Awww, congratulations!! Great name by the way.


----------



## gstice (Jan 19, 2012)

Congratulations!


----------



## LarryT (May 12, 2009)

Congrats!  9 plus pounds, wow!


----------



## jayleepraise (Feb 7, 2012)

Congratulations!


----------



## KatelynAlysa (Nov 25, 2011)

congratulations!


----------



## Jake (Dec 26, 2010)

dr had to cut him out 
to big for natural birth
he is gonna live in a house with geckos and hedgehogs 
gonna be a critter lover I'm sure


----------



## TeddysMommy (Apr 24, 2011)

Congrats! He has a great daddy  and by the way, I love the name Liam


----------



## Rainy (Jul 27, 2011)

Awe....I thought you were going to introduce a new hedgie. :lol: I do love the name Liam, btw. One of my favorite actors is Liam Nieson. Woof! 9 lbs. You better be very, very good to his mama! Wow!
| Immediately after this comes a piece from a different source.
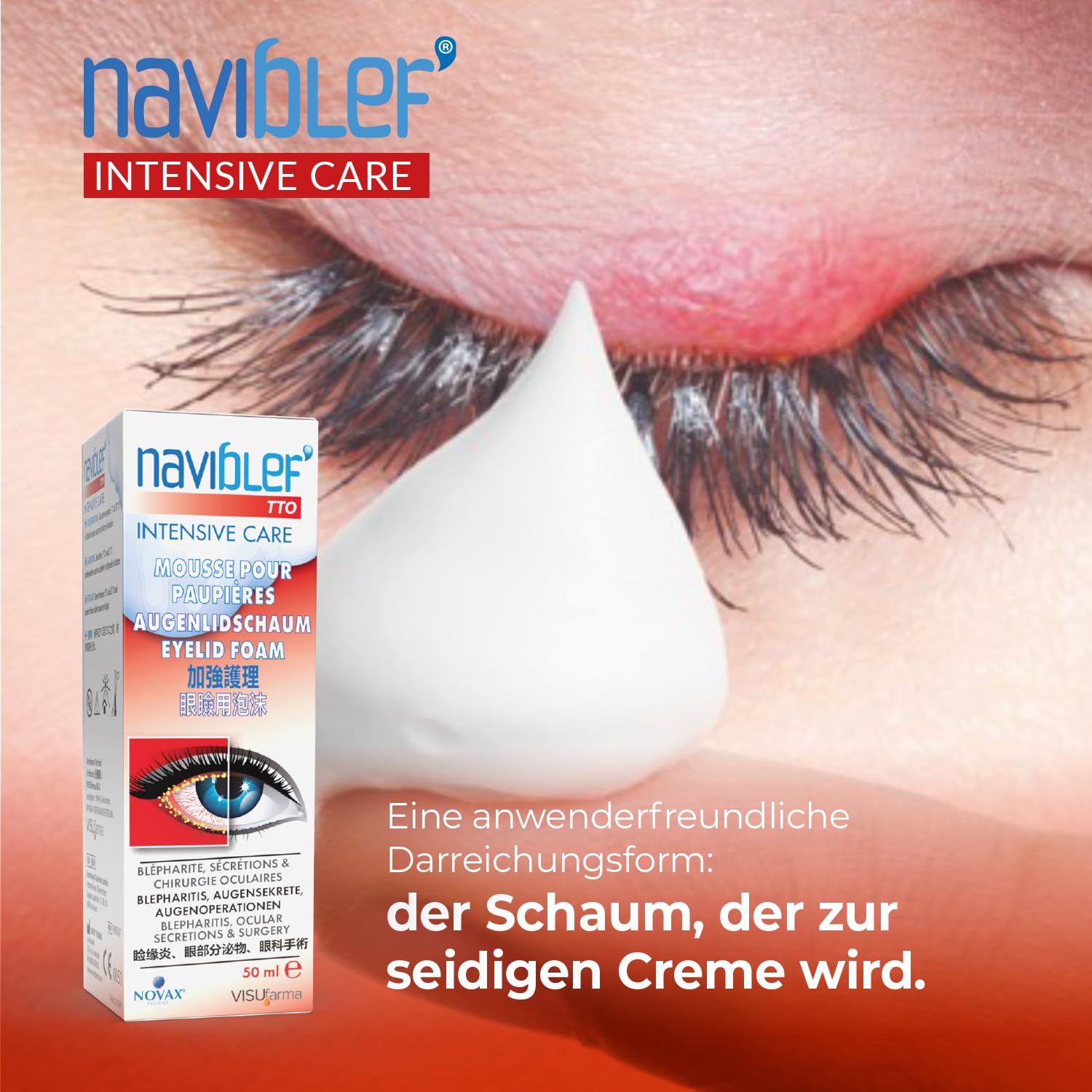 TTO Intensive Care Augenlidschaum – bei Blepharitis | 50 ml | mit Aloe Vera | intensive Hygiene für Augenlider und Wimpern | bei akuter Blepharitis und Demodex | Anwendung für 2 Wochen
So glad he's healthy.


----------



## shaelikestaquitos (Feb 2, 2010)

Congrats!
Happy birthday Liam!


----------



## AngelicDarkness (Feb 10, 2012)

Congrats and welcome to the world little Liam!


----------



## vasogoma (Feb 25, 2012)

Congrats!  I hope Liam let' you sleep enough during the night.


----------



## Guest (Feb 27, 2012)

Congrats on the new addition! Hope he is happy and healthy,


----------



## PJM (May 7, 2010)

Congratulations!!


----------



## Jake (Dec 26, 2010)

he is happy & healthy
mom & dad ain't had a solid nights sleep since he came into this world
but we love him anyway lol
had some issues breast feeding but we figured it out
(he can't suckle a full breast so we have to pump some out first)


----------



## LarryT (May 12, 2009)

Would love to see some pics of the baby when you have a chance!


----------



## GoldenEyes (Nov 4, 2011)

Congrats!! I'm with Larry I would love to see pics!


----------



## Jake (Dec 26, 2010)

Uploaded with ImageShack.us

here we go hope it sticks pic of Liam Aidan


----------



## LarryT (May 12, 2009)

Jake said:


> Uploaded with ImageShack.us
> 
> here we go hope it sticks pic of Liam Aidan


Aww!  Thanks so much for sharing!!


----------



## Rainy (Jul 27, 2011)

Oh....what an angel.


----------



## jerseymike1126 (Jan 20, 2011)

congrats on the new born

he will have some cool critters for show and tell when he gets old enough for school


----------



## Melanie (Jan 2, 2012)

Awww Liam is adorable! Congratulations!

Sent from my Kindle Fire using Tapatalk


----------



## Draenog (Feb 27, 2012)

Congratulations!


----------



## shetland (Sep 2, 2008)

Such a beautiful baby! A true gift of God!


----------